▸ **TASK INPUTS**:
====================

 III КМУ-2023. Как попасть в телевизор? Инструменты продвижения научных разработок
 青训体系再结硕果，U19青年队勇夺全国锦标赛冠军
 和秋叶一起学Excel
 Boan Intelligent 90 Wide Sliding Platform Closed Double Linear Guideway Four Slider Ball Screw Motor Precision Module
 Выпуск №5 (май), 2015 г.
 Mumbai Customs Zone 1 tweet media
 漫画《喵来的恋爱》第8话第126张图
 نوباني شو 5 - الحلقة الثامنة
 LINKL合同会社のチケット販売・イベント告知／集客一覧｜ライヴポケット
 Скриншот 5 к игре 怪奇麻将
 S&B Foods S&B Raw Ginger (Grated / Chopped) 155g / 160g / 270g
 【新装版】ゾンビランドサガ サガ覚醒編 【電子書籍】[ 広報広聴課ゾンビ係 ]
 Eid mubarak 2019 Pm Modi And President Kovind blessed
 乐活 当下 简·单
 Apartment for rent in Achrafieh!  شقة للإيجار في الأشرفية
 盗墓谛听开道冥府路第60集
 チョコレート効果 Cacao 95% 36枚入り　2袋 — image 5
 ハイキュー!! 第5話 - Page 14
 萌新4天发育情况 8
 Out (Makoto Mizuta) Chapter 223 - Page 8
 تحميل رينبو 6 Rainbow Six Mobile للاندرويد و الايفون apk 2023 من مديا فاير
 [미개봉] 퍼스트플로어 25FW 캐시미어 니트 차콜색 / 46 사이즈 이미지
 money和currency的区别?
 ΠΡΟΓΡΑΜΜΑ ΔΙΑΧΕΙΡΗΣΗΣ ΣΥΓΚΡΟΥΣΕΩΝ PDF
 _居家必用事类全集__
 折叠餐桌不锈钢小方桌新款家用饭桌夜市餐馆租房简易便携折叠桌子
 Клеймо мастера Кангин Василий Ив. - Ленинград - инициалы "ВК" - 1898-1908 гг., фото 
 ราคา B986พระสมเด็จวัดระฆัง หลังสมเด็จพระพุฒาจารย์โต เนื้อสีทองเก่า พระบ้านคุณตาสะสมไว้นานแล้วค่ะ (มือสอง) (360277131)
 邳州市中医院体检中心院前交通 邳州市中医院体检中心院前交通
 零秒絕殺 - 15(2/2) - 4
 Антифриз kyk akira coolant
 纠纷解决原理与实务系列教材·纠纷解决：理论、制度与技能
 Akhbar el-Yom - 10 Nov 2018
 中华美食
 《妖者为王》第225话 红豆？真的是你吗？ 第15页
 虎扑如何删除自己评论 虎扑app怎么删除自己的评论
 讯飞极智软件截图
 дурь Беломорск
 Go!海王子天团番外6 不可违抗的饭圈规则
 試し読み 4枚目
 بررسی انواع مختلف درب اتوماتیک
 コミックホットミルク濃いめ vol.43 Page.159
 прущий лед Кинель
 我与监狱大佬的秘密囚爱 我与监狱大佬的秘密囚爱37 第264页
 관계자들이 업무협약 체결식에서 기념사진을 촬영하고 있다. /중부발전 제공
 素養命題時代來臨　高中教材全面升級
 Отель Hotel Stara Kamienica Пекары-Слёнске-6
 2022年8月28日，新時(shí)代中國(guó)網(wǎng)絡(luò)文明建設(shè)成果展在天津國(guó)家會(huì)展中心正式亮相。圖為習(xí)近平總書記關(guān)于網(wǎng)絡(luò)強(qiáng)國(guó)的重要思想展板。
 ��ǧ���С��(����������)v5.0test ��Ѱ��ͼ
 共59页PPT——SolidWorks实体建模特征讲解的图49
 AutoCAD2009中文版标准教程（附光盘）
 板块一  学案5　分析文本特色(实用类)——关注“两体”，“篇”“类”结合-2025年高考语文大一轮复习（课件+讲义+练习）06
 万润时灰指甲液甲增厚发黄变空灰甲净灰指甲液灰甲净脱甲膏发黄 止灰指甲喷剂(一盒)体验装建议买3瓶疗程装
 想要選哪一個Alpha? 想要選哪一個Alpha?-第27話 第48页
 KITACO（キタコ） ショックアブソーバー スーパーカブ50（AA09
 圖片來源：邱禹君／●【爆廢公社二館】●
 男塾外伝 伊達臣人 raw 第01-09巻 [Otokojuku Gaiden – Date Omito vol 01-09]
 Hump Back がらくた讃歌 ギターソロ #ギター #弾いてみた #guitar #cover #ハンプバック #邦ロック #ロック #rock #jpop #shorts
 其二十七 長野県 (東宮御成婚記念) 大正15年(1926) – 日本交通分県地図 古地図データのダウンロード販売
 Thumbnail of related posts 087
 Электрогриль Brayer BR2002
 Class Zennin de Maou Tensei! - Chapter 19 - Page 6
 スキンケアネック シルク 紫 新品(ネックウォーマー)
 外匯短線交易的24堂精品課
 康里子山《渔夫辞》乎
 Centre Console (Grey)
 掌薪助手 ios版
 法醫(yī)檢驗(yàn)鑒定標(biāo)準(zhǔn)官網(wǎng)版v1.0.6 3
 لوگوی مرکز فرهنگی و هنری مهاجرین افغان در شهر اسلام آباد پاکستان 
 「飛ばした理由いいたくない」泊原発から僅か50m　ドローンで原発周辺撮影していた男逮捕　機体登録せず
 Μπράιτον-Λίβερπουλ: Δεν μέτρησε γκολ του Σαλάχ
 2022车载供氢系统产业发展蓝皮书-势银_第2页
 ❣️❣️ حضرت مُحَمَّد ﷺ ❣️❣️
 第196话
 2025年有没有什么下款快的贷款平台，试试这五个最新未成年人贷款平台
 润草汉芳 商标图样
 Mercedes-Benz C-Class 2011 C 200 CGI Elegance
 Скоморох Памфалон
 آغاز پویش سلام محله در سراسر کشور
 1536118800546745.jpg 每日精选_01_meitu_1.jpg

====================

▸ **YOUR TASK**: Return, line for line and unchanged, the data from its first line through the line containing "盗墓谛听开道冥府路第60集".

▸ **ANSWER SPACE**:
 III КМУ-2023. Как попасть в телевизор? Инструменты продвижения научных разработок
 青训体系再结硕果，U19青年队勇夺全国锦标赛冠军
 和秋叶一起学Excel
 Boan Intelligent 90 Wide Sliding Platform Closed Double Linear Guideway Four Slider Ball Screw Motor Precision Module
 Выпуск №5 (май), 2015 г.
 Mumbai Customs Zone 1 tweet media
 漫画《喵来的恋爱》第8话第126张图
 نوباني شو 5 - الحلقة الثامنة
 LINKL合同会社のチケット販売・イベント告知／集客一覧｜ライヴポケット
 Скриншот 5 к игре 怪奇麻将
 S&B Foods S&B Raw Ginger (Grated / Chopped) 155g / 160g / 270g
 【新装版】ゾンビランドサガ サガ覚醒編 【電子書籍】[ 広報広聴課ゾンビ係 ]
 Eid mubarak 2019 Pm Modi And President Kovind blessed
 乐活 当下 简·单
 Apartment for rent in Achrafieh!  شقة للإيجار في الأشرفية
 盗墓谛听开道冥府路第60集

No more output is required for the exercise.